Entries supplied:
↓

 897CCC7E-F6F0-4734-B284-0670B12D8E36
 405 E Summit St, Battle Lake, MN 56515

↑
↓

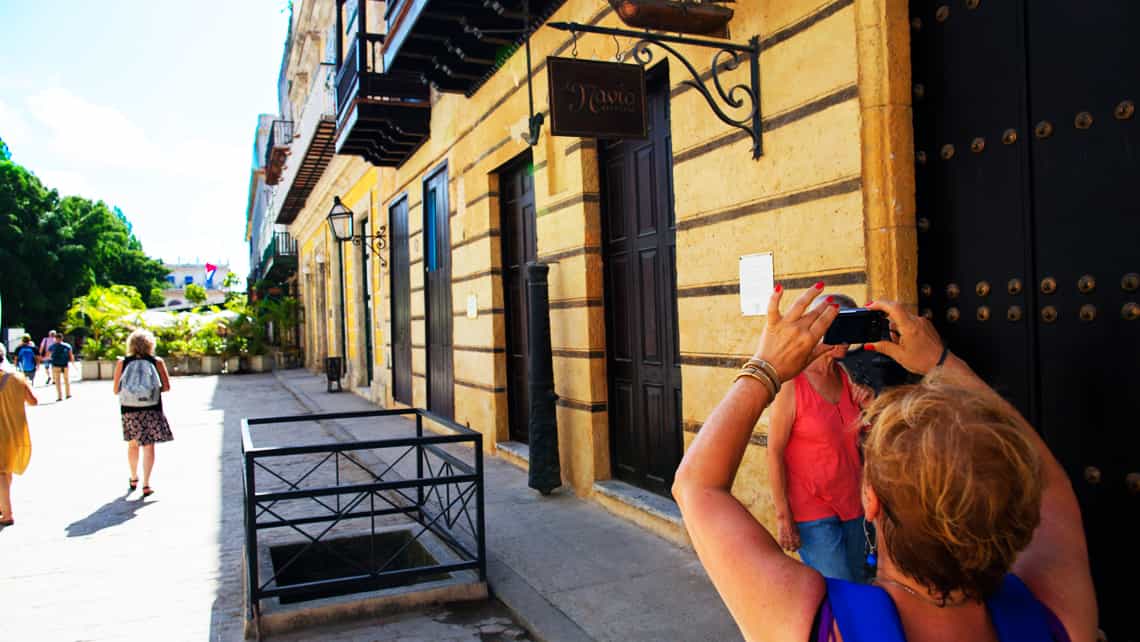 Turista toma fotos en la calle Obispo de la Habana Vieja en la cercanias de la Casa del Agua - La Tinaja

↑
↓

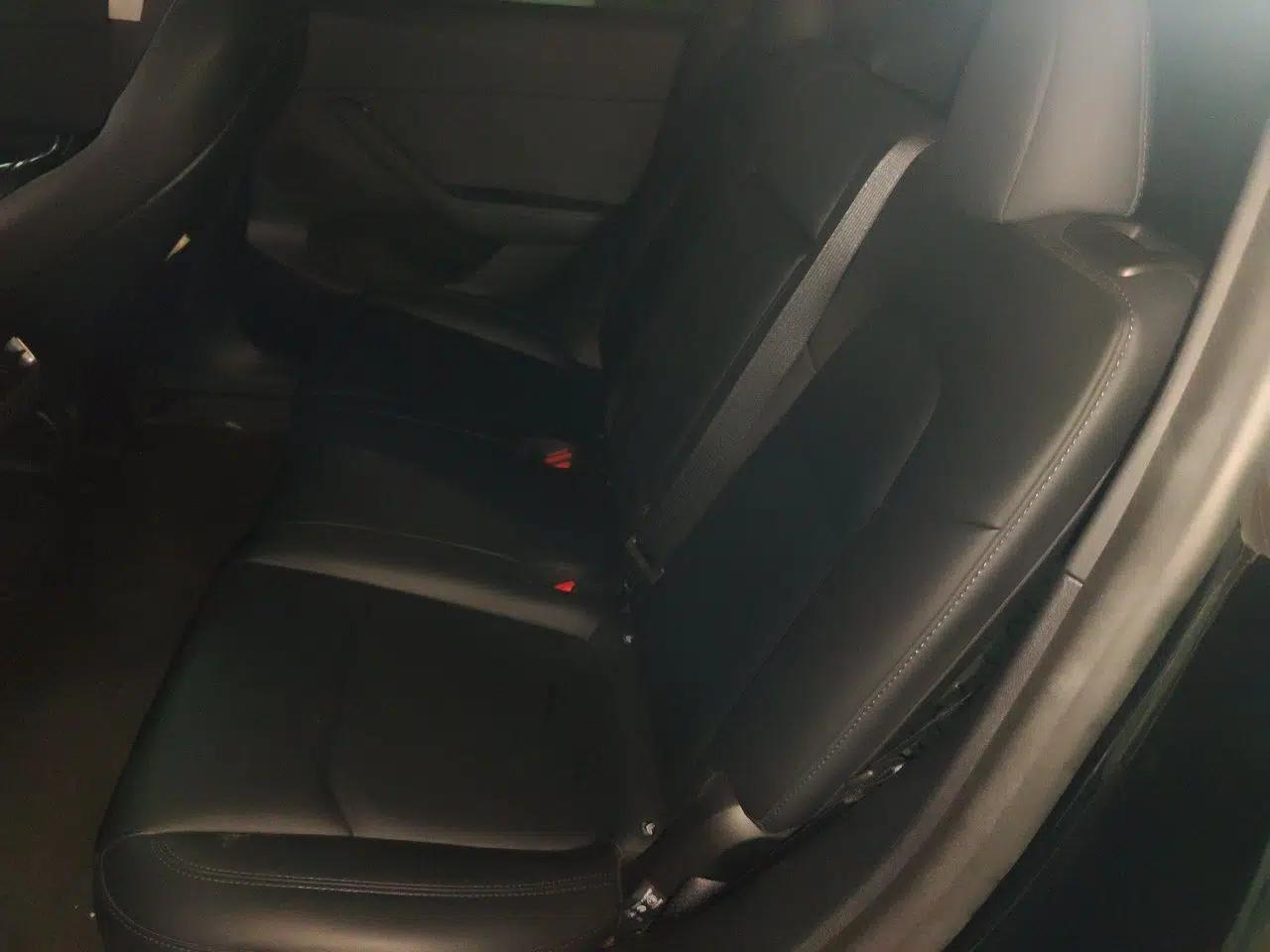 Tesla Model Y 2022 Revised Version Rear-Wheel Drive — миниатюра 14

↑

In the data above, start at the line that has "897CCC7E-F6F0-4734-B284-0670B12D8E36", stop after the line that has "405 E Summit St, Battle Lake, MN 56515", and print every line in between exactly as it stands.

 897CCC7E-F6F0-4734-B284-0670B12D8E36
 405 E Summit St, Battle Lake, MN 56515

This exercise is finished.